Exercise data section start

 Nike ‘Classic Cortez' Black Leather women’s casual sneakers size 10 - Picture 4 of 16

Exercise data section end
Exercise data section start

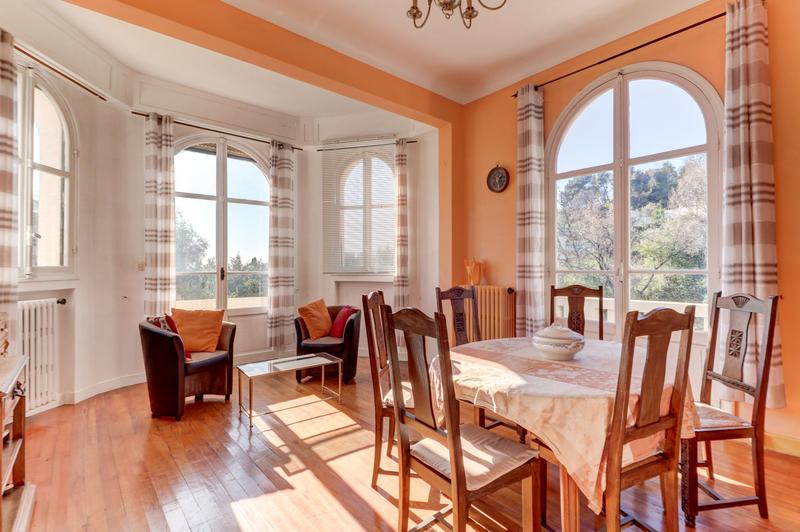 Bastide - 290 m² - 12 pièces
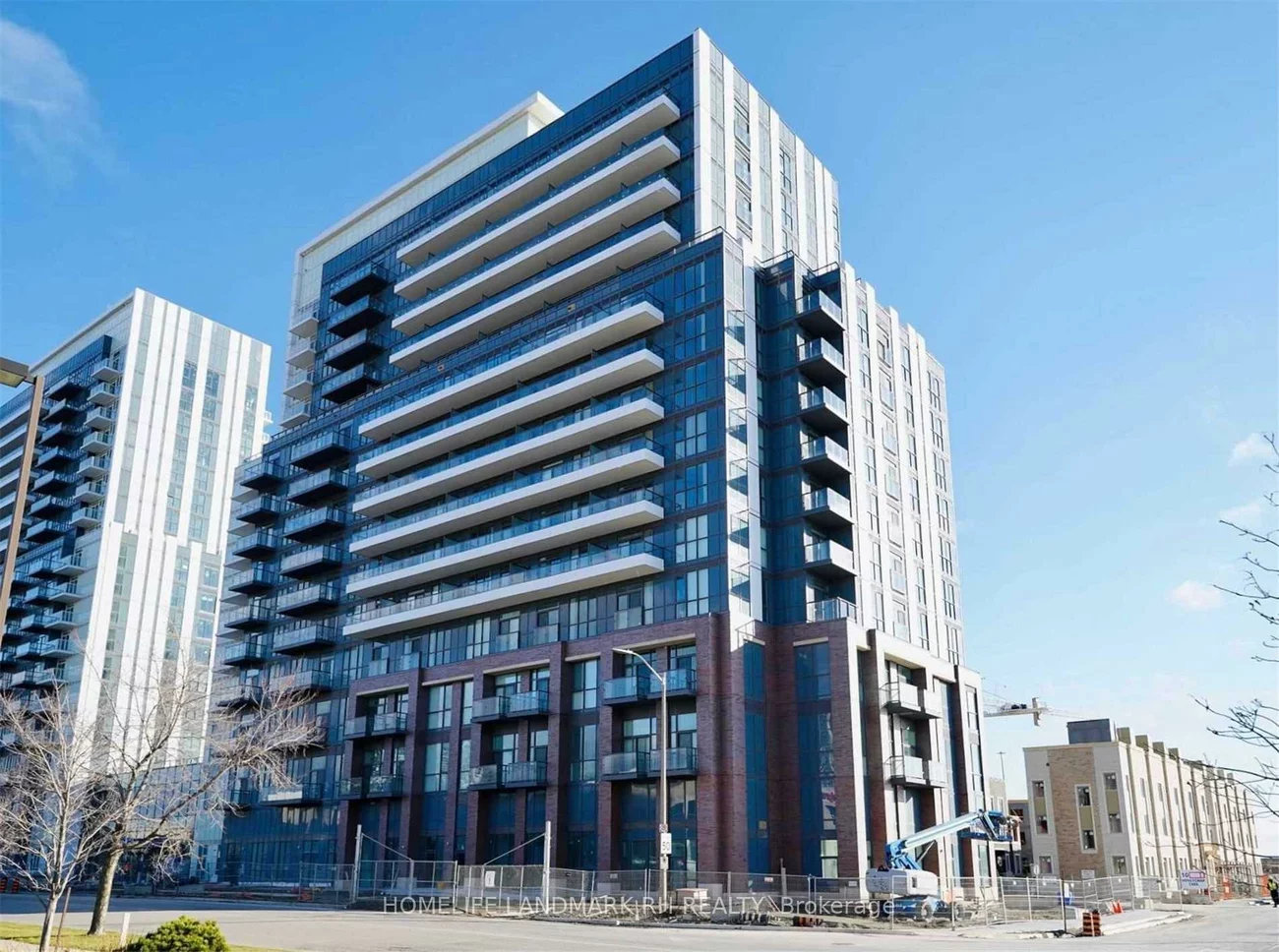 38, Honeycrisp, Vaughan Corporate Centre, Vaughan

Exercise data section end

Look above for the line holding "Bastide - 290 m² - 12 pièces" and output everything from it down to the line holding "38, Honeycrisp, Vaughan", both ends included, exactly and without images.

Response to the exercise >>
 Bastide - 290 m² - 12 pièces
 38, Honeycrisp, Vaughan Corporate Centre, Vaughan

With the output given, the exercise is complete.